371 (395 may work if there's enough space available). If you're unsure, 371.


----------



## arbyjr (Apr 2, 2015)

Deli said:


> 371 _*(395 may work if there's enough space available)*_. If you're unsure, 371.


This always confuses me, Most of these quartz watch came originally with the Renata 395 battery installed. The 371 and 395 have just about the exact dimensions, just the 395 is a hair thicker. the movements come with a battery guard as well, increasing the "thickness" of the batteries placement with in the case. So why would space not be available for the 395 to be stuck back in?

I know that there are several other topics on this subject, but they all are about the same and filled with anecdotal evidence to the reason for jewelers to switch down to the thinner 371 battery in lieu of the 395. Also the size may be just about the same, but 371 is only a 1.55Volt 39mAh battery, where is the 395 is a 1.55Volt 55mAh. dimensions again are almost equal but the capacity is slightly off as well. So again if the watch came with a "thicker" 395 installed, why would there be not enough room to reinstall this same thicker, higher capacity original battery?

Doing the change your self both batteries are only about 2-5 US dollars, but if you take it to some one you could pay more than 75$ for the battery, seals and pressure testing. The lower capacity 371 battery would bring you back in to the dealer more often.


----------



## Boone (Aug 29, 2009)

Thanks for all of the details. I may pick up both and see what I can have my jeweler do for me.


----------



## Deli (Jul 19, 2014)

arbyjr said:


> This always confuses me, Most of these quartz watch came originally with the Renata 395 battery installed. The 371 and 395 have just about the exact dimensions, just the 395 is a hair thicker. the movements come with a battery guard as well, increasing the "thickness" of the batteries placement with in the case. So why would space not be available for the 395 to be stuck back in?
> 
> I know that there are several other topics on this subject, but they all are about the same and filled with anecdotal evidence to the reason for jewelers to switch down to the thinner 371 battery in lieu of the 395. Also the size may be just about the same, but 371 is only a 1.55Volt 39mAh battery, where is the 395 is a 1.55Volt 55mAh. dimensions again are almost equal but the capacity is slightly off as well. So again if the watch came with a "thicker" 395 installed, why would there be not enough room to reinstall this same thicker, higher capacity original battery?
> 
> Doing the change your self both batteries are only about 2-5 US dollars, but if you take it to some one you could pay more than 75$ for the battery, seals and pressure testing. The lower capacity 371 battery would bring you back in to the dealer more often.

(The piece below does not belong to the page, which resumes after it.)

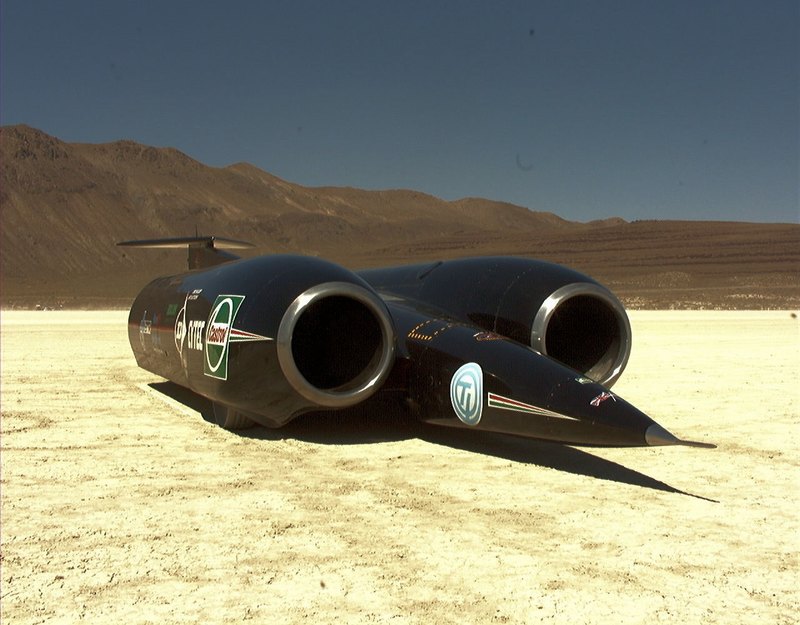 реактивный автомобиль thrust ssc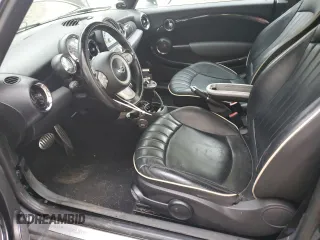 2010 MINI Convertible S с VIN WMWMS3C52ATY09453, выставлен на аукционе Copart как лот 88433535 с пробегом Не указан миль и На запчасти • Non repairable. История ставок и продаж доступна на DreamBid. Изображение 7.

And this is only Chapter 1.


----------



## dmr33 (Sep 12, 2006)

Happy to chime in here.

I'm CERTAIN EVERY new TAG with a non chrono quartz I've seen came with the 371 from the factory. New 3 jewel movements even have the 371 Cell stamped on the movement. Stick with the 371. I don't have time right now to go into right now, but I have shared posts in the past on this issue.

Cheers,
David


----------



## arbyjr (Apr 2, 2015)

dmr33 said:


> Happy to chime in here.
> 
> I'm CERTAIN EVERY new TAG with a non chrono quartz I've seen came with the 371 from the factory. New 3 jewel movements even have the 371 Cell stamped on the movement. Stick with the 371. I don't have time right now to go into right now, but I have shared posts in the past on this issue.
> 
> ...


The Model being talked about above is not a "new" one. New watches may be so but this model would have came with a 395 with the battery guard. sure along the way like many others the 371 could have been put in instead, but still there really is now reason for that to have happened seeing this model would have came fitted with the 395.


----------



## WaterMelon (Jan 10, 2019)

I've tried both 371 and 395 on my Tag 2000 Professional and found that 371 actually fits perfectly flat but the 395 would be slightly protruded/raised. Not sure what's the original battery size as battery has been changed numerous times by the watch shop, when I DIY opened the back I found Renata 395 sitting in it. That's what the shop put into my Tag 2000 but I've changed it to 371 as it sits perfectly flat. 

I may be wrong, please correct me if I'm wrong.


----------